> **Task requirements**
Retype the records below exactly as they appear, but leave out any pictures.

> **Source data**

-------------------------

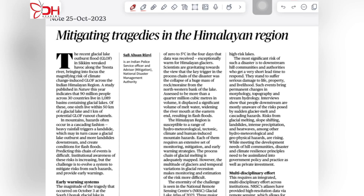Hello and welcome to the Academy. Let us take up today's editorials on the Hindu newspaper. The first editorial we are going to take up is about mitigating tragedies in the Himalayan region.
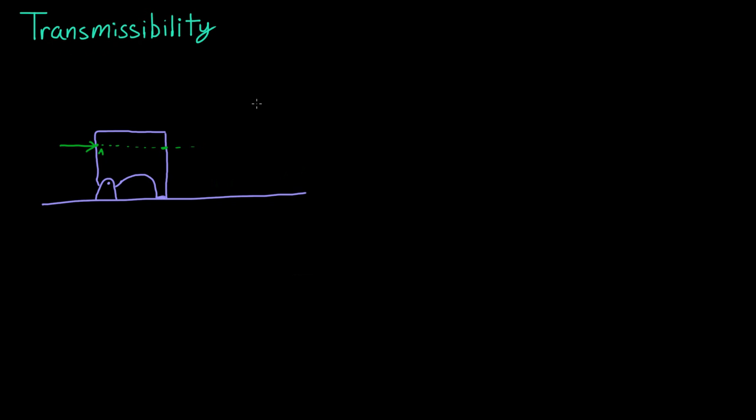Transmissibility also goes with sliding vectors. This means that you can slide the force vector anywhere on the path that the force is going. That's all sliding vectors are—you can slide it on the path that it would appear to be traveling.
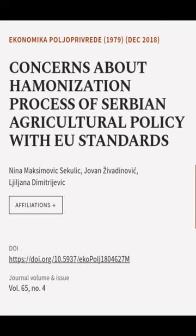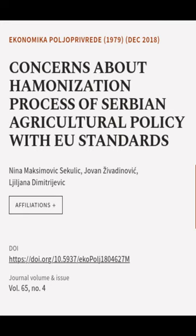This article was authored by Nina Maksimovic-Zekulik, Joven Zavadinovic, and Ljuljana Dimitrajevic.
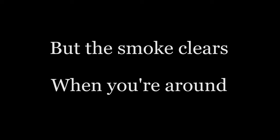Every word I say is giggling. But the smoke clears when you're out.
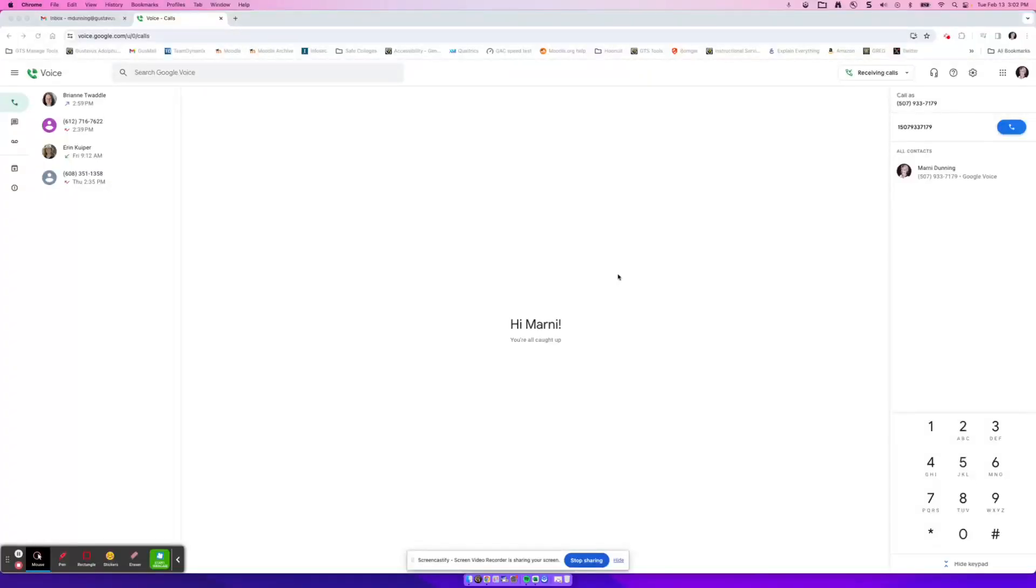Hello, in this video tutorial, I'm going to walk you through the basics of getting started with Google Voice. Gus Davis is rolling out Google Voice right now, so not everybody currently has it.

-------------------------

> **Answer space**
Hello and welcome to the Academy. Let us take up today's editorials on the Hindu newspaper. The first editorial we are going to take up is about mitigating tragedies in the Himalayan region.
Transmissibility also goes with sliding vectors. This means that you can slide the force vector anywhere on the path that the force is going. That's all sliding vectors are—you can slide it on the path that it would appear to be traveling.
This article was authored by Nina Maksimovic-Zekulik, Joven Zavadinovic, and Ljuljana Dimitrajevic.
Every word I say is giggling. But the smoke clears when you're out.
Hello, in this video tutorial, I'm going to walk you through the basics of getting started with Google Voice. Gus Davis is rolling out Google Voice right now, so not everybody currently has it.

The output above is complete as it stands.